▼▼▼
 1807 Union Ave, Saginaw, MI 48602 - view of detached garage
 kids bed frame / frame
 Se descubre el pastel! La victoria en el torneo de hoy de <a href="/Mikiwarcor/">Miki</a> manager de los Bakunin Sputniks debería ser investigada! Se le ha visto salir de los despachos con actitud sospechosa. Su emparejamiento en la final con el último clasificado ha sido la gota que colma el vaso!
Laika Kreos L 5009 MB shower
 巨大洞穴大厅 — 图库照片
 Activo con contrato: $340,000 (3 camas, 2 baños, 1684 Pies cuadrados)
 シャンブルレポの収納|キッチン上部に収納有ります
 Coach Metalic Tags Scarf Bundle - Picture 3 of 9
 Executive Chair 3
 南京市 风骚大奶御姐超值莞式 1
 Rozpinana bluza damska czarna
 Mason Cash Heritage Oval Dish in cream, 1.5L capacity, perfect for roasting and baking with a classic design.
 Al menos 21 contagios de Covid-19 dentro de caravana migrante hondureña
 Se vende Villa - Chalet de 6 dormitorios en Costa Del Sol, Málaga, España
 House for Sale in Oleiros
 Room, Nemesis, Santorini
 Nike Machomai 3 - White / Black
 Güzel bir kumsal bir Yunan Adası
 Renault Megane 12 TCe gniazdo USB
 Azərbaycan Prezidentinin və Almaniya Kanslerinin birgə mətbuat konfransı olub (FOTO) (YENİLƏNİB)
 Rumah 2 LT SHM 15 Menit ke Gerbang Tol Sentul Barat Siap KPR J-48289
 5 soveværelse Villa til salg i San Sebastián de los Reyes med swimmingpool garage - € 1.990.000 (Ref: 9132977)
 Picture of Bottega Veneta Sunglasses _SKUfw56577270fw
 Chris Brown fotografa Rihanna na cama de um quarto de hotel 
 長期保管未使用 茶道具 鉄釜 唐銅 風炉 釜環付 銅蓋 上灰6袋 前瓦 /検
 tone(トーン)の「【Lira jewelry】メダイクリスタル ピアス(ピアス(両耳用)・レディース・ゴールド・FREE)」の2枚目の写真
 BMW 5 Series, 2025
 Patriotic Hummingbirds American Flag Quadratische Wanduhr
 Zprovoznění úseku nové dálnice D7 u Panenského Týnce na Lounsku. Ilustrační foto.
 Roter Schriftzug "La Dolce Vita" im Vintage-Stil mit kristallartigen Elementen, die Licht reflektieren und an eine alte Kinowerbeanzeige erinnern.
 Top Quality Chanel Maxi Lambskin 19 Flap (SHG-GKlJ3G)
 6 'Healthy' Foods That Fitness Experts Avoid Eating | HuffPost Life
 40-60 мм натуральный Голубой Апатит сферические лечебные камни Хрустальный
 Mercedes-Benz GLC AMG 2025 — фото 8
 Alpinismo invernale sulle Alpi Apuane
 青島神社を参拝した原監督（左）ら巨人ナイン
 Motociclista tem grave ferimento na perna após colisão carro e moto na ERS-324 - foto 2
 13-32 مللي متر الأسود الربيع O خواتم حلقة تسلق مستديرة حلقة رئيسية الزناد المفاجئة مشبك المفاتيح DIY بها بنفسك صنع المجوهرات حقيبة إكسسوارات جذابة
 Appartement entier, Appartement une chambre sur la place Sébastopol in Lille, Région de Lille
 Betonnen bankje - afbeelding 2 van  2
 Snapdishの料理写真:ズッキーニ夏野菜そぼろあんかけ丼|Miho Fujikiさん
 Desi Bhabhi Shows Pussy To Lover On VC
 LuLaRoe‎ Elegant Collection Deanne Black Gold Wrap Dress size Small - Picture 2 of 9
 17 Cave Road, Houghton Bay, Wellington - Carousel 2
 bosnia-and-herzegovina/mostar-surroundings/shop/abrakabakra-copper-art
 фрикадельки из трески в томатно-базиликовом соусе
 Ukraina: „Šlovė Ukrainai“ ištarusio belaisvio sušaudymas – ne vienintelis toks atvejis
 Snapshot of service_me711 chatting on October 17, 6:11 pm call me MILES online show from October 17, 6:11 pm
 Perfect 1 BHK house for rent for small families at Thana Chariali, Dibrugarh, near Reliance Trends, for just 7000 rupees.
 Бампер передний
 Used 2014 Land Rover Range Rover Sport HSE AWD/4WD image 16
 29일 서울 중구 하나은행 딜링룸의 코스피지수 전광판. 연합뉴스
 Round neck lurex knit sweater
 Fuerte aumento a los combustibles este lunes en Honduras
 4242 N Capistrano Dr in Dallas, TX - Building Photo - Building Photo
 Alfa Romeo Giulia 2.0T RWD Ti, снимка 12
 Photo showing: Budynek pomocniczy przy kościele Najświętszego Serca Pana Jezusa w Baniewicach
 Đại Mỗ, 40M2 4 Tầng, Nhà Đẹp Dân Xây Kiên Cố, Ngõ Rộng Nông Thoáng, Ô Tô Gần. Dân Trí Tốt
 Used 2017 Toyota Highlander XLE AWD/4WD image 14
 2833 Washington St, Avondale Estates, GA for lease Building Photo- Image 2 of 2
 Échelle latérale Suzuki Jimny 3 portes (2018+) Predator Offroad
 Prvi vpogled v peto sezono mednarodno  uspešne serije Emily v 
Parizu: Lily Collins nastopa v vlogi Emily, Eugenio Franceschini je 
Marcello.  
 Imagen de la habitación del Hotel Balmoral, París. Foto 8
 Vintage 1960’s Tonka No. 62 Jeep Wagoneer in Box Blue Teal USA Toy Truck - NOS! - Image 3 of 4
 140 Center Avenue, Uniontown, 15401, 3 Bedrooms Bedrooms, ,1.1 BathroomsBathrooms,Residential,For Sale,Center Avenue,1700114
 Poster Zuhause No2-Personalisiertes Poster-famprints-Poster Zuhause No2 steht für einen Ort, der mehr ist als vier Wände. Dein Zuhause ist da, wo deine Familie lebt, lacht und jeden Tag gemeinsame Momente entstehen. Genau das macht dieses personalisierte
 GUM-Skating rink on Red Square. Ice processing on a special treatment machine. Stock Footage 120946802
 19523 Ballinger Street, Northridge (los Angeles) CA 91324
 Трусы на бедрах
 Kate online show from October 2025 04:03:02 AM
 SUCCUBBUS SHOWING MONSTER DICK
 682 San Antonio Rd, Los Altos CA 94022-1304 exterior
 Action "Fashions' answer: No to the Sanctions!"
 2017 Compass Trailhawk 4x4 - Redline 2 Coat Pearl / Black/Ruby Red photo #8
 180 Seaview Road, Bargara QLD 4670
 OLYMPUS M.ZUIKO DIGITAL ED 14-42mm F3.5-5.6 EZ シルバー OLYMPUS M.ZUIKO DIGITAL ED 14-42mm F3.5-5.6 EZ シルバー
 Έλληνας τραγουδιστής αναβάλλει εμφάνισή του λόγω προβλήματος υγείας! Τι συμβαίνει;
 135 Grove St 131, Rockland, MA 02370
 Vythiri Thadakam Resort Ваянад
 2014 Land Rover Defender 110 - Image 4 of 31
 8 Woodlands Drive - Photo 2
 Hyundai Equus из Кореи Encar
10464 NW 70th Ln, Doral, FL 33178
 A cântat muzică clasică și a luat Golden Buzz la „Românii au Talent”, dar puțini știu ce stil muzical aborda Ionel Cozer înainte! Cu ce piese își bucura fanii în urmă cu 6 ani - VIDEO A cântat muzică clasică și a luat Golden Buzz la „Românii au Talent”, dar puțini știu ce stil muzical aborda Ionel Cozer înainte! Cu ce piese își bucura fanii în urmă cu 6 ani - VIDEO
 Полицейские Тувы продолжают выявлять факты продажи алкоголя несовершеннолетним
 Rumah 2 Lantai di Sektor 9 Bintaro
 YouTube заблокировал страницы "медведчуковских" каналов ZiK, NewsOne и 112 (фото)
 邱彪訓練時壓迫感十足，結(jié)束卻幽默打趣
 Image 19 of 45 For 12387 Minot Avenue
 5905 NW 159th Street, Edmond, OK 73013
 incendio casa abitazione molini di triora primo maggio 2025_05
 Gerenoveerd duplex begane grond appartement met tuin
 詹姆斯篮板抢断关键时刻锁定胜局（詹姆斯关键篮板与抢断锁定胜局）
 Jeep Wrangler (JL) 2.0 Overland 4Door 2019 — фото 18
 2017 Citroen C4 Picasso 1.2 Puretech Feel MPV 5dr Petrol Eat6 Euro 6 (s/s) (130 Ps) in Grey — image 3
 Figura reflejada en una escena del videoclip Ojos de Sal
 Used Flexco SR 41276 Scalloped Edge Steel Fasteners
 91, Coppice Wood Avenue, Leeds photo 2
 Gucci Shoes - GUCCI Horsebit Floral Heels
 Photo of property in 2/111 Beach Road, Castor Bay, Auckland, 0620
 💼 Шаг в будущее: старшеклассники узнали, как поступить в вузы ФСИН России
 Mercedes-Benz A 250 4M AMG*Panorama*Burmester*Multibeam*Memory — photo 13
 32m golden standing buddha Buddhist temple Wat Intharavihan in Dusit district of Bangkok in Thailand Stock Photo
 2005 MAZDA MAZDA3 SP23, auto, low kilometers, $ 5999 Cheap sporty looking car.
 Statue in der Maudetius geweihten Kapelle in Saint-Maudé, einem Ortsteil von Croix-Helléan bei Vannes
▲▲▲
*Exercise objective*: Scan the material and collect every line that contains "Vintage".

*Response to this task*:
 Roter Schriftzug "La Dolce Vita" im Vintage-Stil mit kristallartigen Elementen, die Licht reflektieren und an eine alte Kinowerbeanzeige erinnern.
 Vintage 1960’s Tonka No. 62 Jeep Wagoneer in Box Blue Teal USA Toy Truck - NOS! - Image 3 of 4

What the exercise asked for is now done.